**What needs to be done**
List each line of the data that holds the word "with".

**Dataset excerpts**
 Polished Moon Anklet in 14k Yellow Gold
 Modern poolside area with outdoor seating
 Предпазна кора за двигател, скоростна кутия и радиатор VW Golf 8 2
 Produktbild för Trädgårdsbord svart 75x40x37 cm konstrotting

--

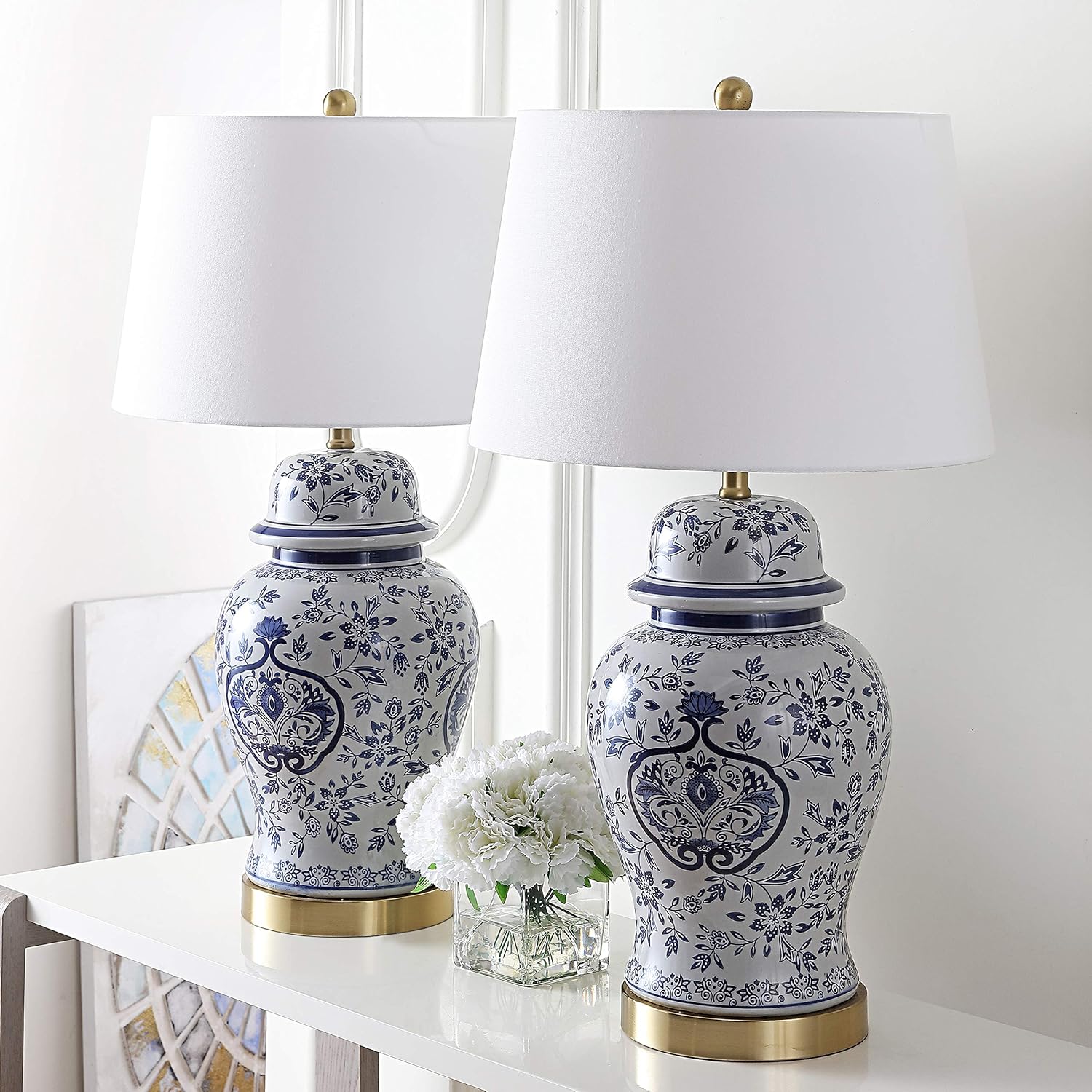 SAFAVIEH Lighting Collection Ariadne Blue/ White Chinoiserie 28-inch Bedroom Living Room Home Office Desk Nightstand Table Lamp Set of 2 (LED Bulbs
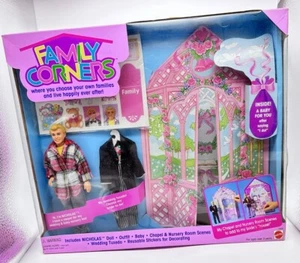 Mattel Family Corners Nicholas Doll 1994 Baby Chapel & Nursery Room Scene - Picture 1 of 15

--

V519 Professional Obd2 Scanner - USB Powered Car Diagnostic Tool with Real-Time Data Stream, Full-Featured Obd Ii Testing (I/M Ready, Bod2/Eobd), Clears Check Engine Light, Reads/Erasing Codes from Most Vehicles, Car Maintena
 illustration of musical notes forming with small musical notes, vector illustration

**Result**
 Modern poolside area with outdoor seating
V519 Professional Obd2 Scanner - USB Powered Car Diagnostic Tool with Real-Time Data Stream, Full-Featured Obd Ii Testing (I/M Ready, Bod2/Eobd), Clears Check Engine Light, Reads/Erasing Codes from Most Vehicles, Car Maintena
 illustration of musical notes forming with small musical notes, vector illustration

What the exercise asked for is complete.